### SUPPLIED MATERIAL
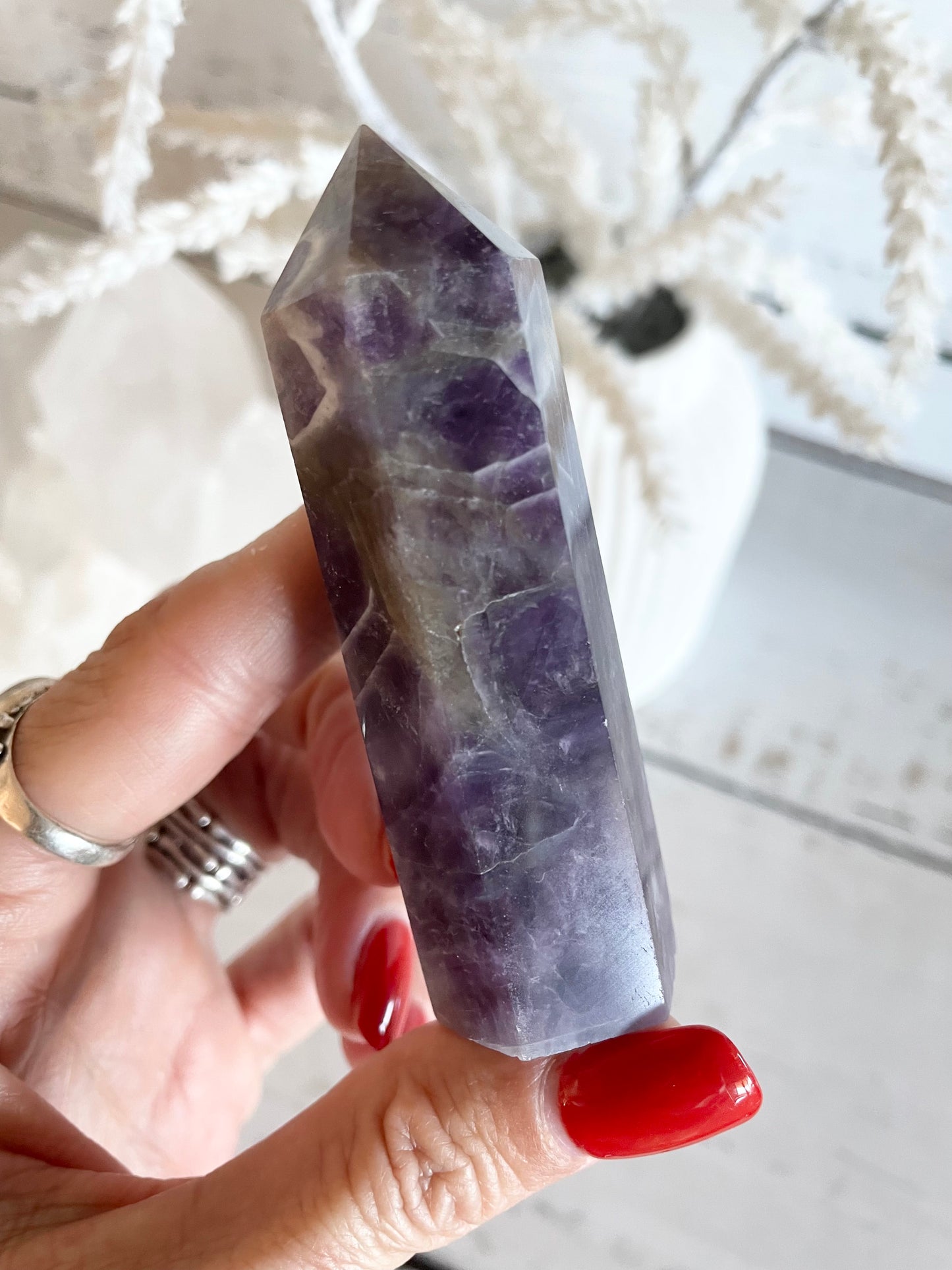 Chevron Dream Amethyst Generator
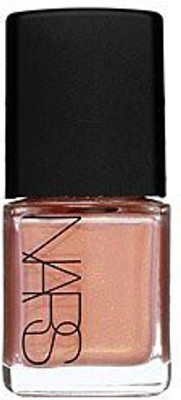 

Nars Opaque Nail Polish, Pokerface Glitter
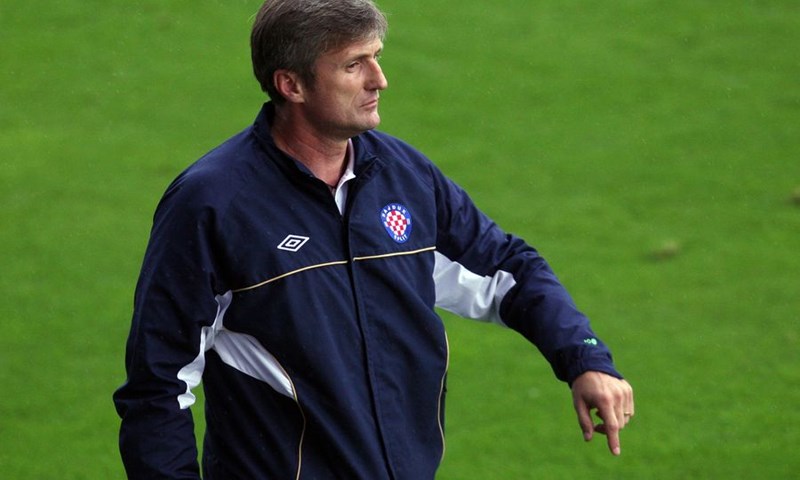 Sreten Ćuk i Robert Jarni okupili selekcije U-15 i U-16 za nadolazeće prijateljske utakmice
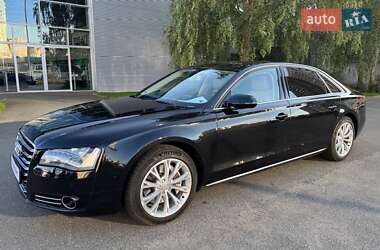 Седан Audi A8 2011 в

### WORK INSTRUCTION
Every last line above must be reproduced as written, and no pictures belong in the copy.

### RESULT
 Chevron Dream Amethyst Generator

Nars Opaque Nail Polish, Pokerface Glitter
 Sreten Ćuk i Robert Jarni okupili selekcije U-15 i U-16 za nadolazeće prijateljske utakmice
 Седан Audi A8 2011 в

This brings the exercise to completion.